NCAA FOOTBALL: DEC 27 Military Bowl - Cincinnati v Virginia Tech

Aresco’s goals are bold, and many would say unattainable. However, if they are to be achieved, the AAC needs to rule the one place that truly changes perceptions: the field. Looking back to last season, American teams were just 4-22 against Power Five opponents, and the Bearcats were 0-3 in such match-ups.

In fact, looking back to 2007 when Cincinnati’s run of success took off, the Bearcats are just 28-22 against teams that are now members of a Power Five conference, and that’s pretty much against some of the now mediocre to bottom-feeder teams of those conferences (i.e., Purdue, Syracuse, Illinois, Rutgers, Pittsburgh, etc.). Plus, looking back at its 75-29 record, those 28 wins against now Power Five opponents only make up 37.3 percent of Cincinnati’s overall wins since 2007, while the 22 losses account for 75.9 percent of its losses.

Also, the Bearcats are just 2-4 against Power Five opponents in bowl games since 2007, and the average margin of defeat in those games is 19.5 points. Yikes. Remember, Arresco wants to put the AAC on par with the Power Five and that’s the record of the heavily-favored team to win the conference.

So, how can Cincinnati begin changing the perception of itself and its league?

For starters, the Bearcats can handle their business within the AAC. They are favored to win it all for a reason, and it’s time they stepped out of the “9-4 record with a bad bowl loss” routine they’ve developed since Tuberville took over.

There may be a couple tricky road games against Houston and Memphis on the schedule, but with a quarterback like Gunner Kiel and the type of talent Cincinnati has on its roster, it can (and needs to) run the table in the American.

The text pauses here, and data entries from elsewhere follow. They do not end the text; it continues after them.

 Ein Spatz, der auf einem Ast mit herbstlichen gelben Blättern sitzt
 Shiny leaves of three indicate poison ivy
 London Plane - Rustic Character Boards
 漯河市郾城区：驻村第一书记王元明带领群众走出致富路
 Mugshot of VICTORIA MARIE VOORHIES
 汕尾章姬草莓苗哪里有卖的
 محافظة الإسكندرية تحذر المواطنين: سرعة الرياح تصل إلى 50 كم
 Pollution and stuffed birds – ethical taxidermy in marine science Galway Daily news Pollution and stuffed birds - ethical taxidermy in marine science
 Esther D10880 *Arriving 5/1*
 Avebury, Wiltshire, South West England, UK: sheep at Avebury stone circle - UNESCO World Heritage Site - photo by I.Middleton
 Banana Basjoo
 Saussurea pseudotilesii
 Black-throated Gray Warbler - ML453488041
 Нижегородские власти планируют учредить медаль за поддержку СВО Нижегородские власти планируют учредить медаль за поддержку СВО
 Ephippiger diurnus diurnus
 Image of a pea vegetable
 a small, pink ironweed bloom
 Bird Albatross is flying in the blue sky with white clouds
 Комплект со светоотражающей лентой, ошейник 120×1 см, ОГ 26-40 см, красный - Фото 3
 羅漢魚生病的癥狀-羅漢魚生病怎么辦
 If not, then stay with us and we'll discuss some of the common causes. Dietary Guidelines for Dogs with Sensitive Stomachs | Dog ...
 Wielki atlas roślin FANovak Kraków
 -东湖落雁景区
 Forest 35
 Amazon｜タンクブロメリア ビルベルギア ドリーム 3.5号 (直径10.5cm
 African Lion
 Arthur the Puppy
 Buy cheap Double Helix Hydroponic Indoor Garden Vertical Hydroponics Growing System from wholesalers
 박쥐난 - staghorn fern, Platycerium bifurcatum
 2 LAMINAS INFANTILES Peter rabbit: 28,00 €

That would send the ‘Cats to the American championship game, meaning they would have another quality win opportunity against the likes of Memphis, Houston or Navy.

Outside of steamrolling the American, Cincinnati desperately needs to beat Miami (FL). Besides a potential match-up with another in a bowl game, “The U” is the only Power Five opponent on UC’s schedule. The Hurricanes are a good but not great team likely to end up in the middle of the pack in the ACC. Getting that win at home is crucial for the Bearcats to not only garner some national attention, but also to prove it to themselves that they can beat name-brand teams.

Additionally, going out and defeating BYU in Provo is probably also going to be a necessity if Cincinnati hopes to earn that access bowl bid. Either that, or the Bearcats can hope that the Cougars, and teams like Boise State, Marshall and Utah State, falter along the way—something I wouldn’t exactly count on given the fairly strong track records of each to play well within its conference.

In short, Cincinnati is likely going to have to be undefeated, or MAYBE take just one loss, to be the torch-carrier Arresco needs to realize his dreams of AAC recognition at college football’s highest level. Oh, and maybe picking up a win a la UCF over Baylor in the 2013 Fiesta Bowl, if that’s not asking too much.

That would give at least a little traction to the tires of Arresco’s “Power Six” wagon.